The task:
Reproduce the data in its entirety, exactly as written.
───── Data provided ─────
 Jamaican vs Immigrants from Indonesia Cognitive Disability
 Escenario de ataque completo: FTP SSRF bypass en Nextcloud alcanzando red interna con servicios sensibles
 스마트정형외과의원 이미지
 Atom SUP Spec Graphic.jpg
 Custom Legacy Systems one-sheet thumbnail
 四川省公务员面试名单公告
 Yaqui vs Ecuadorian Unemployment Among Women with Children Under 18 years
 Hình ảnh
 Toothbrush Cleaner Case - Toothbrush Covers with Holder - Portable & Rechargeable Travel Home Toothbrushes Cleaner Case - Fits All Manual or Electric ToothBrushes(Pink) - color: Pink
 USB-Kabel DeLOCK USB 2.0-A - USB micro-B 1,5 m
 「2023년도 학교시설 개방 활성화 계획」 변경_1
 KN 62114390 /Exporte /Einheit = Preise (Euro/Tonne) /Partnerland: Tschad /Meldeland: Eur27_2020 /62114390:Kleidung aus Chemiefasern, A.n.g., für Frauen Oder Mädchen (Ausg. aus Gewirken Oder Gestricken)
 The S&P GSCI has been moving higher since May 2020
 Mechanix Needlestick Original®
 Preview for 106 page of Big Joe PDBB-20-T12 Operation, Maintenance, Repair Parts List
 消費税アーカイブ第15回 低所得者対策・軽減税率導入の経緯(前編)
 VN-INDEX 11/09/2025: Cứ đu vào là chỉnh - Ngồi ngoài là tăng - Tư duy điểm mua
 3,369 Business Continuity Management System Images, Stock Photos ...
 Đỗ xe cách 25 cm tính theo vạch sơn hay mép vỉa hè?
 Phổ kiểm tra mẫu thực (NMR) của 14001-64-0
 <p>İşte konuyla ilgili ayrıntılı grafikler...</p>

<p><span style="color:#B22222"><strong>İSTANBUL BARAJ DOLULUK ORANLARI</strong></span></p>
─────
Result of this task:
 Jamaican vs Immigrants from Indonesia Cognitive Disability
 Escenario de ataque completo: FTP SSRF bypass en Nextcloud alcanzando red interna con servicios sensibles
 스마트정형외과의원 이미지
 Atom SUP Spec Graphic.jpg
 Custom Legacy Systems one-sheet thumbnail
 四川省公务员面试名单公告
 Yaqui vs Ecuadorian Unemployment Among Women with Children Under 18 years
 Hình ảnh
 Toothbrush Cleaner Case - Toothbrush Covers with Holder - Portable & Rechargeable Travel Home Toothbrushes Cleaner Case - Fits All Manual or Electric ToothBrushes(Pink) - color: Pink
 USB-Kabel DeLOCK USB 2.0-A - USB micro-B 1,5 m
 「2023년도 학교시설 개방 활성화 계획」 변경_1
 KN 62114390 /Exporte /Einheit = Preise (Euro/Tonne) /Partnerland: Tschad /Meldeland: Eur27_2020 /62114390:Kleidung aus Chemiefasern, A.n.g., für Frauen Oder Mädchen (Ausg. aus Gewirken Oder Gestricken)
 The S&P GSCI has been moving higher since May 2020
 Mechanix Needlestick Original®
 Preview for 106 page of Big Joe PDBB-20-T12 Operation, Maintenance, Repair Parts List
 消費税アーカイブ第15回 低所得者対策・軽減税率導入の経緯(前編)
 VN-INDEX 11/09/2025: Cứ đu vào là chỉnh - Ngồi ngoài là tăng - Tư duy điểm mua
 3,369 Business Continuity Management System Images, Stock Photos ...
 Đỗ xe cách 25 cm tính theo vạch sơn hay mép vỉa hè?
 Phổ kiểm tra mẫu thực (NMR) của 14001-64-0
 <p>İşte konuyla ilgili ayrıntılı grafikler...</p>

<p><span style="color:#B22222"><strong>İSTANBUL BARAJ DOLULUK ORANLARI</strong></span></p>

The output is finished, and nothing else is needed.